110% high yellows hun dont think sparkle is a hypo either as with hypos we have found the bands break in to very few spots  
She still has quite a few


----------



## freekygeeky (May 25, 2007)

Faith said:


> 110% high yellows hun dont think sparkle is a hypo either as with hypos we have found the bands break in to very few spots
> She still has quite a few



thankyou!! 
dont mind either way - all stunning


----------



## benjrobinson (Feb 22, 2007)

I can guarentee these arent mack snows due to their parents. And i wouldnt say their patterning points towards hypo in any way. 

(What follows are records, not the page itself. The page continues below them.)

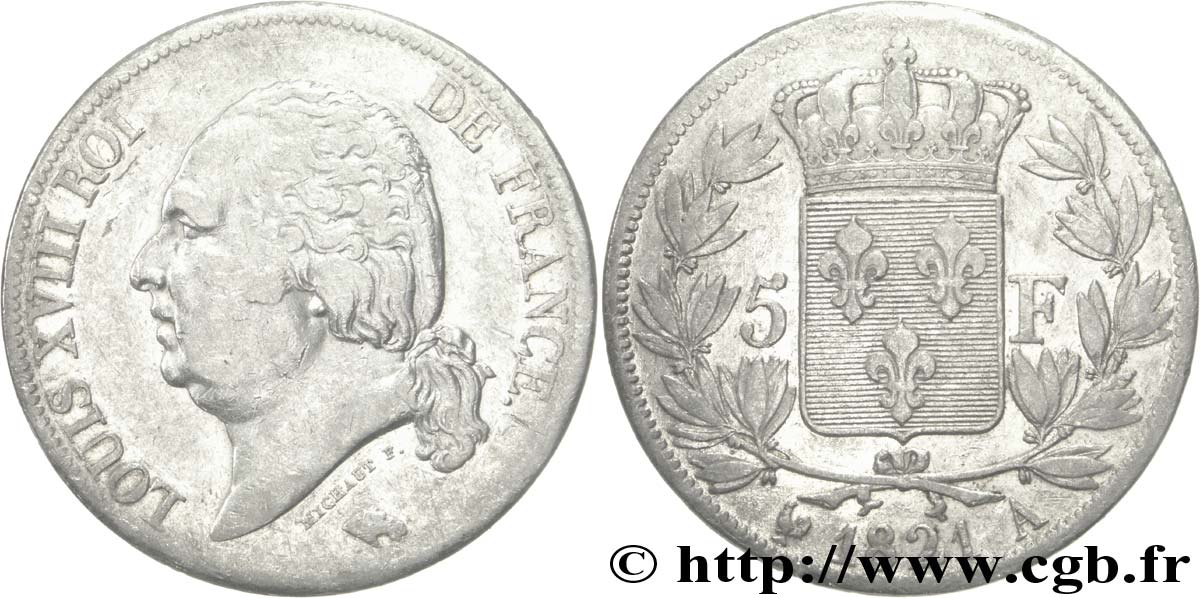 5 francs Louis XVIII, tête nue 1821 Paris F.309/60 TTB42 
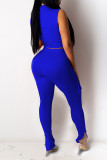 Blue Sexy Solid Bandage Split Joint Half A Turtleneck Sleeveless Two Pieces
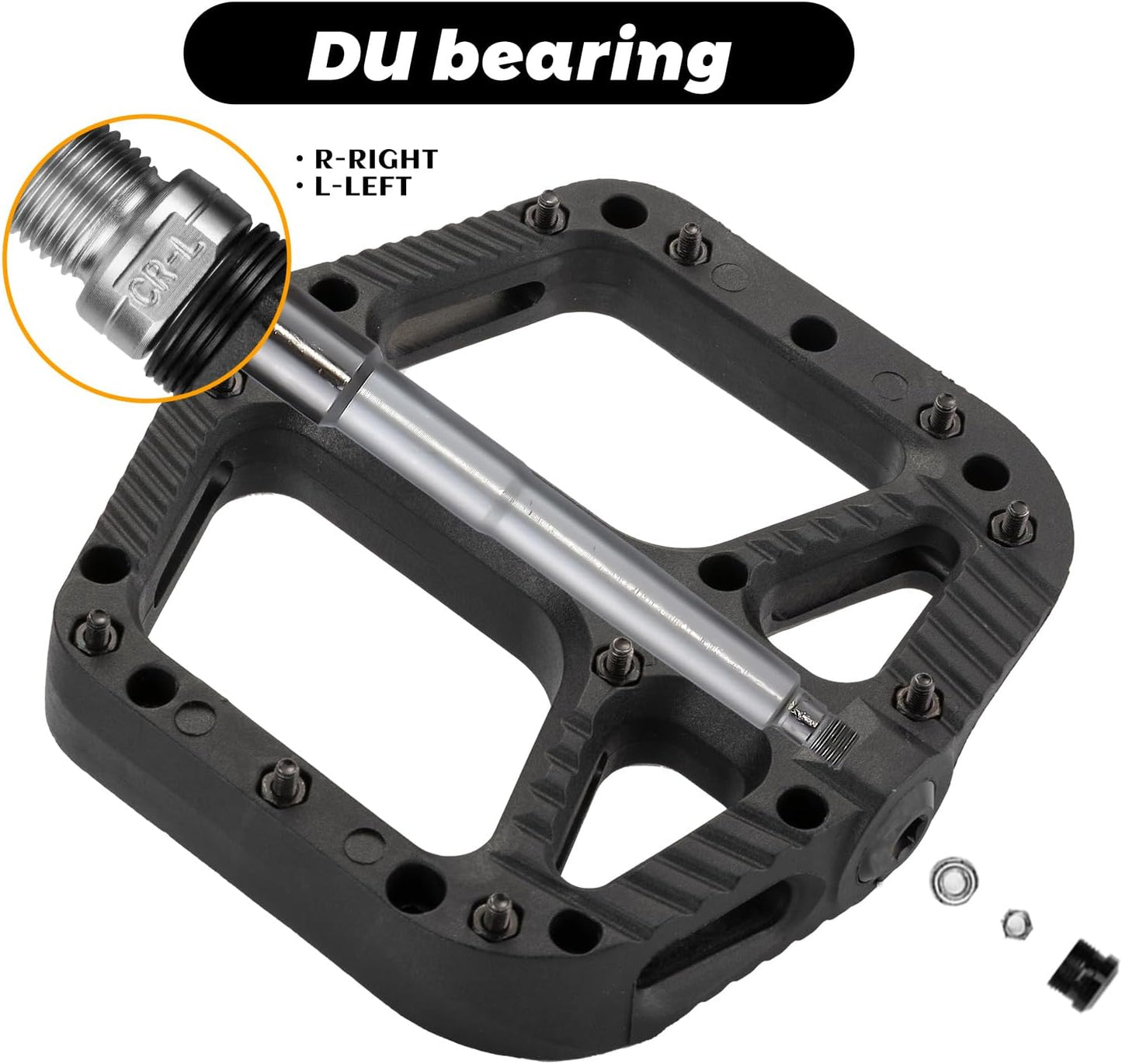 ROCKBROS Bike Pedals Nylon Composite Bearing 9/16" MTB Wide Flat Platform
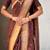 Brown soft silk paithani nauvari zari weaving saree with matching blouse piece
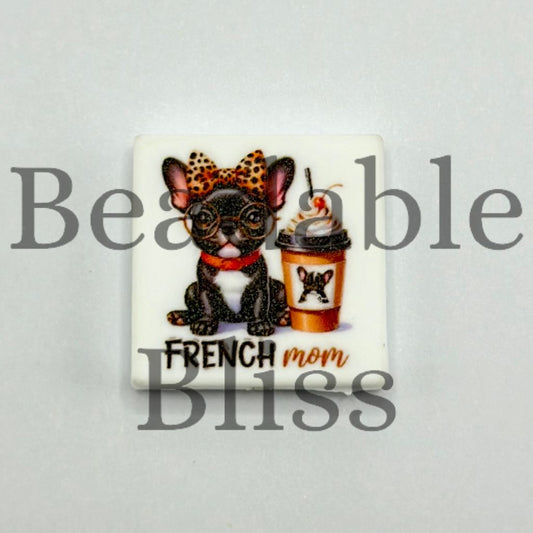 French Mom, A Cute Bulldog Wearing Glasses and Bow with Coffee Cup Silicone Focal Beads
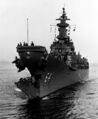 Линкор USS Wisconsin с поврежденным носом, 1950-е гг.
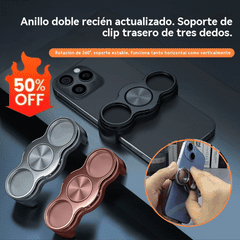 【2 unidades por 25 euros】🔥El anillo de clip trasero de tres dedos gira y pliega el soporte del teléfono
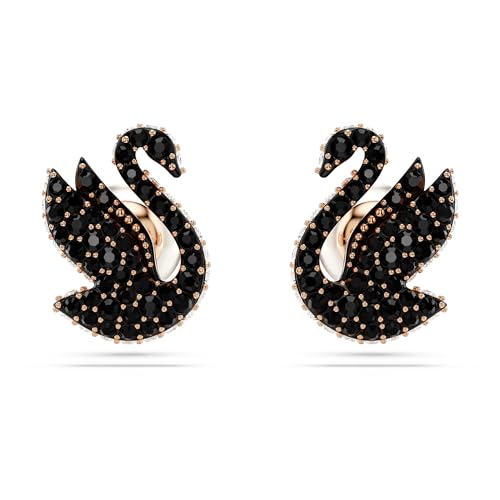 Swarovski Orecchini A Loboswarovski Swan, Cigno, Neri, Placcato Color Oro Rosa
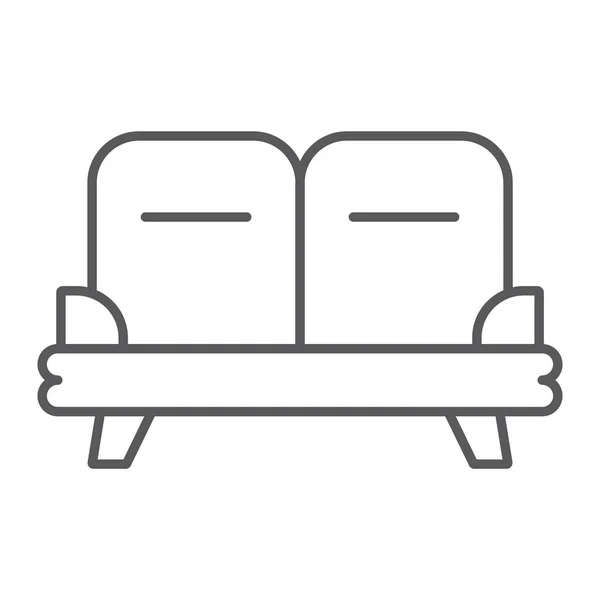 Sofa dunne lijn pictogram, meubilair en huis, Bank teken, vector graphics, een lineair patroon op een witte achtergrond. — Stockvector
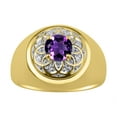thumbnail image 1 of RYLOS Men's Rings Yellow Gold Plated Silver Designer Gypsy 7MM Round Gemstone & Diamond Ring Amethyst February  Size 13, 1 of 6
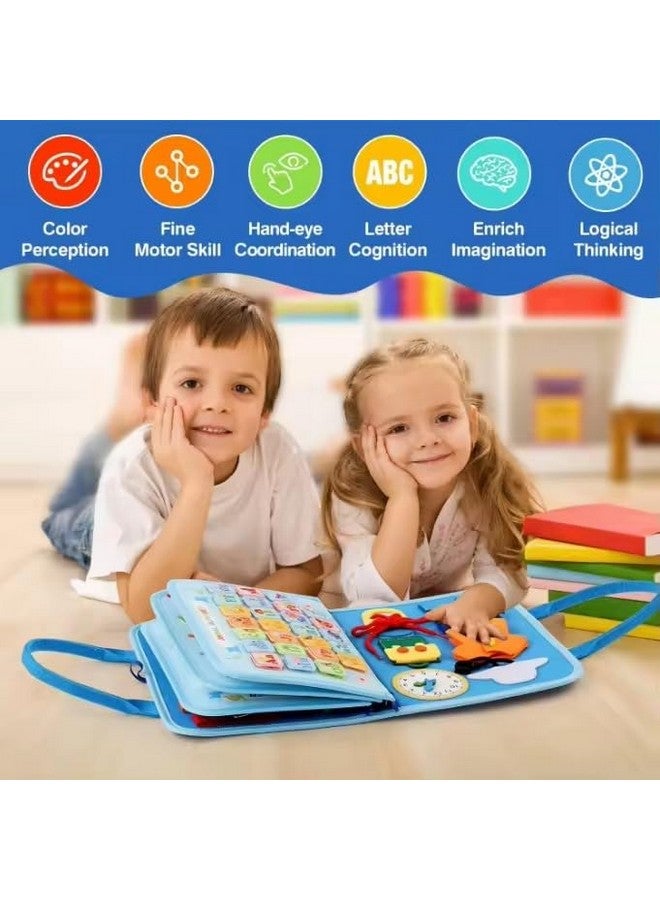 KolorFish KolorFish Toddler Busy Board Book - Montessori Toys for 2 Plus Years, Birthday Gift - 7 in1 Preschool Learning Activities with Life Skills,Alphabet,Number,Shape,Color,Animal,Weather - Image 4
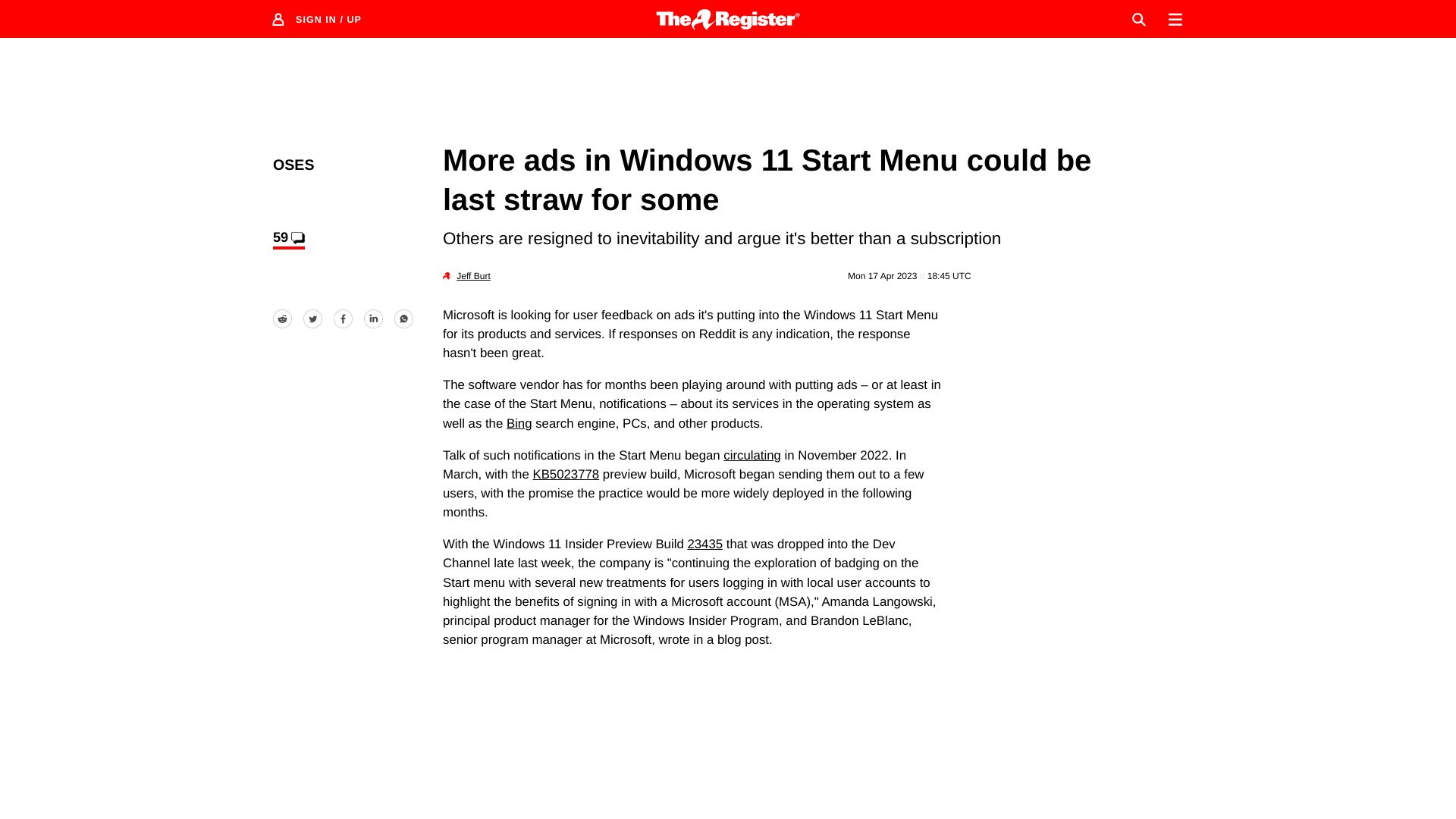 Screenshot of theregister.com: Microsoft plugging more ads into Windows 11 Start Menu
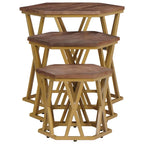 Mesas de centro Marrón 55 x 55 x 50 cm Madera de mango maciza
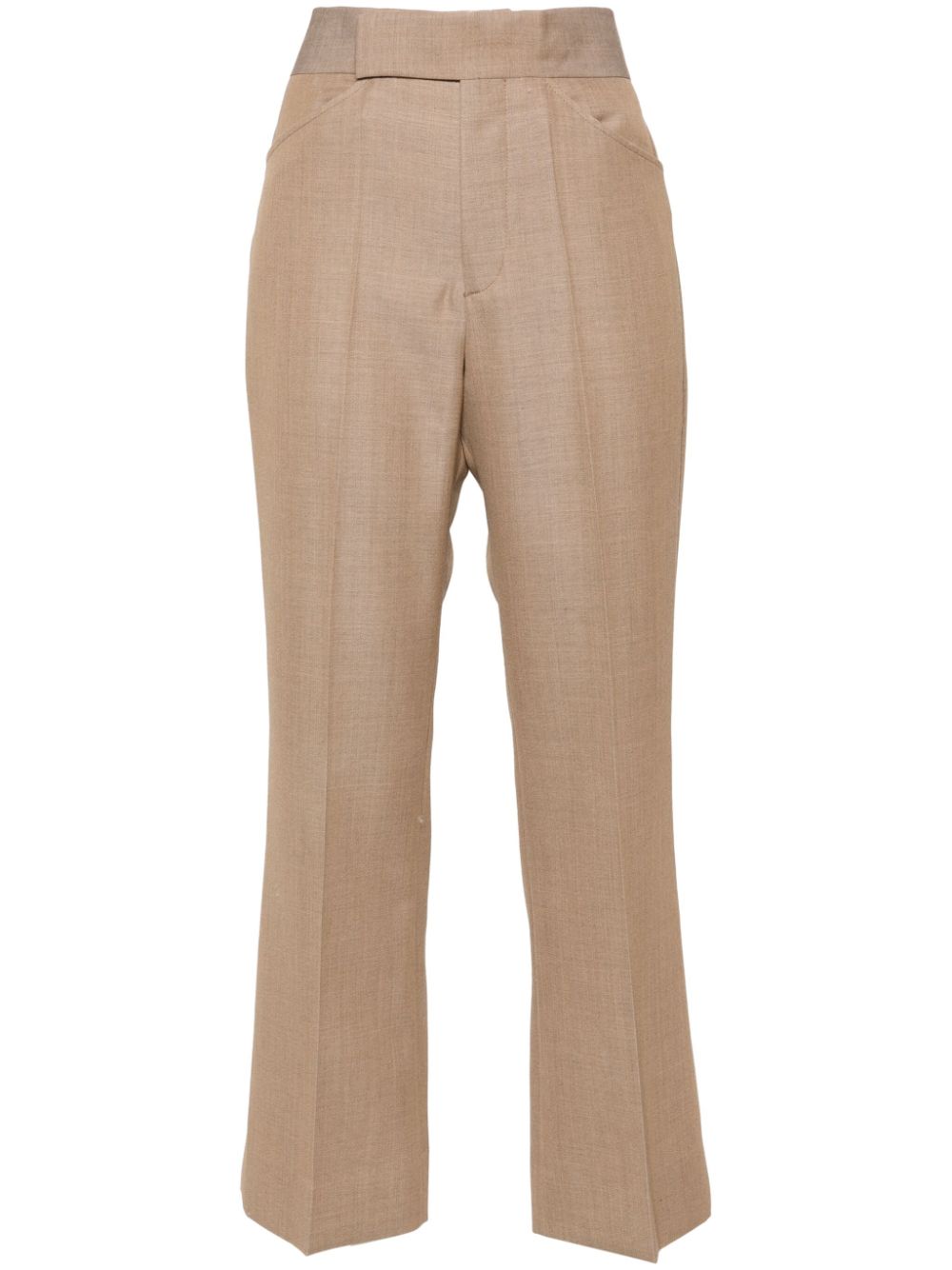 Victoria Beckham wide cropped flared trousers - Neutrals von Victoria Beckham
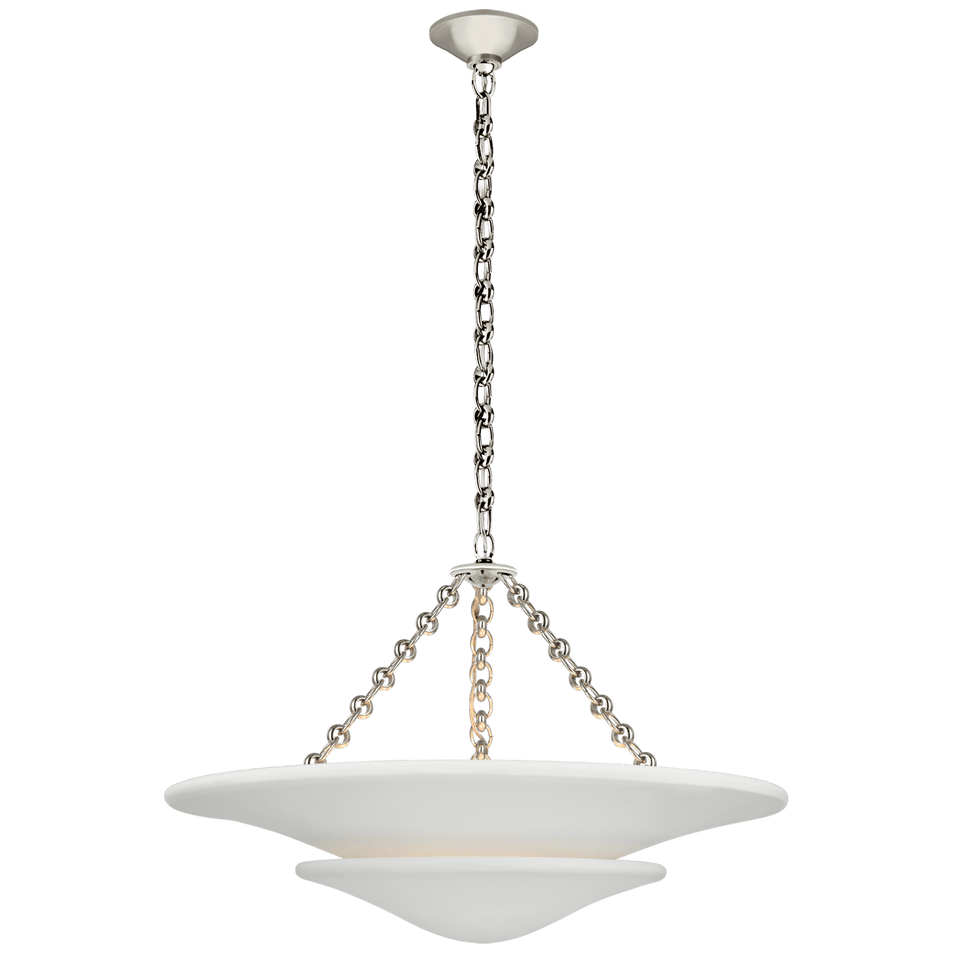 Mollino Medium Tiered Chandelier in Polished Nickel with Plaster White Shade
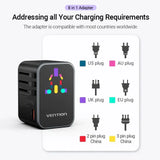 Vention 3-Port USB Universal Travel Adaptor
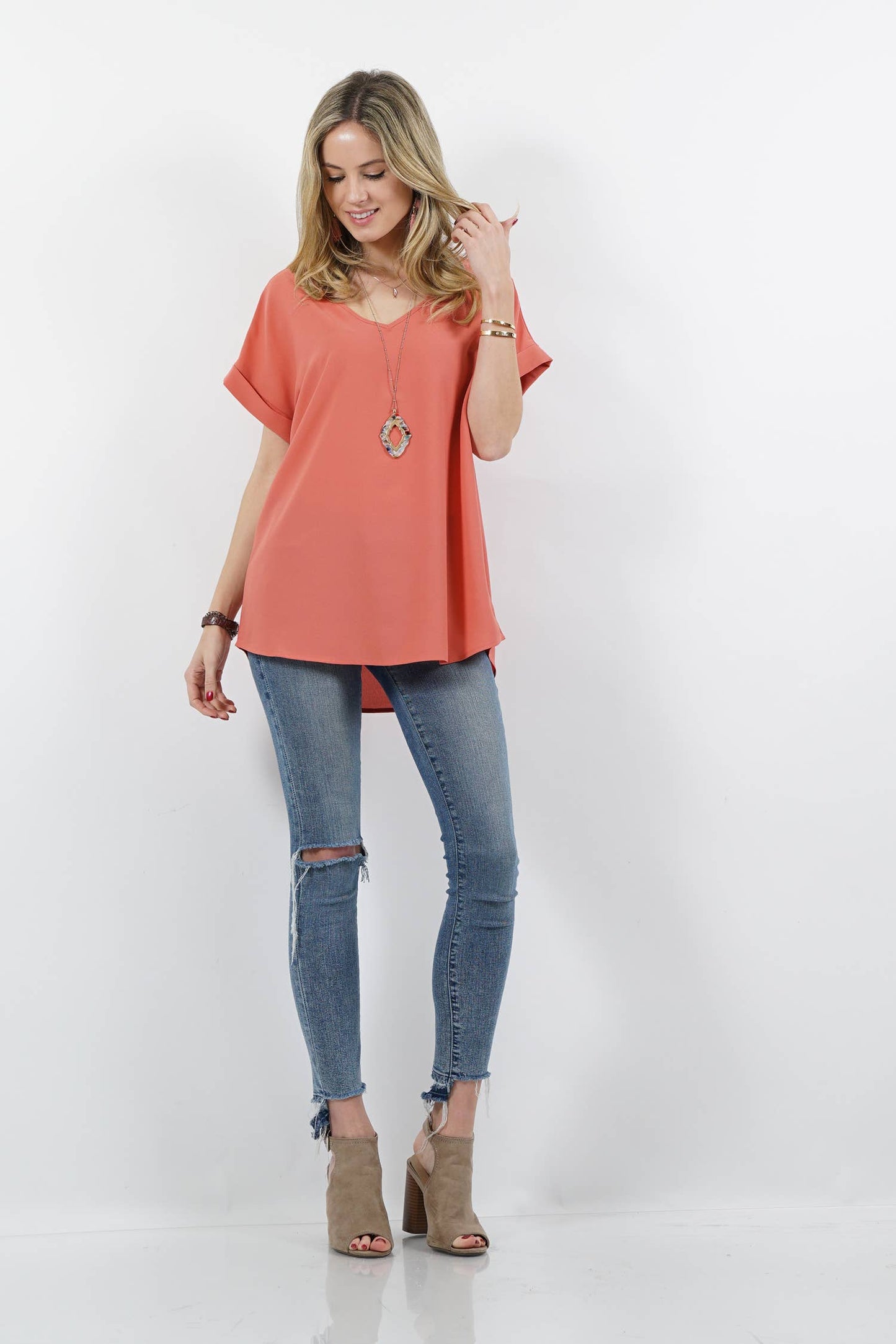 Ash Copper Rolled Sleeve Boat Neck Top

High yellow quite possibly and yes the one does seem to have particuarly interesting/pretty colouratioin but normal all the same.

Thanks,

Ben


----------



## freekygeeky (May 25, 2007)

sparkle is stunning 


benjrobinson said:


> I can guarentee these arent mack snows due to their parents. And i wouldnt say their patterning points towards hypo in any way.
> 
> High yellow quite possibly and yes the one does seem to have particuarly interesting/pretty colouratioin but normal all the same.
> 
> ...


----------



## snd geckos (Oct 13, 2007)

they do look like high yellows to me , very nice ones too


----------



## BG-Gecko (Nov 12, 2007)

you can never tell but since they're so young there's a good chance sprakle's bands wil totally fade (or at leas fade much more than they have now )  very cute little ones



freekygeeky said:


> me too, and thankyou!!!
> why so different. ?
> are the bands goign to go from sparkle or?


----------



## freekygeeky (May 25, 2007)

snd geckos said:


> they do look like high yellows to me , very nice ones too





BG-Gecko said:


> you can never tell but since they're so young there's a good chance sprakle's bands wil totally fade (or at leas fade much more than they have now )  very cute little ones


thank you you two


----------



## Young_Gun (Jan 6, 2007)

Nice normalz


----------



## eeji (Feb 22, 2006)

[thread hijack] I'm still learning leo morphs, is high yellow a selectively bred trait? [/thread hijack]


----------



## BG-Gecko (Nov 12, 2007)

yes it is


----------



## freekygeeky (May 25, 2007)

Young_Gun said:


> Nice normalz


thanky



eeji said:


> [thread hijack] I'm still learning leo morphs, is high yellow a selectively bred trait? [/thread hijack]



yup


----------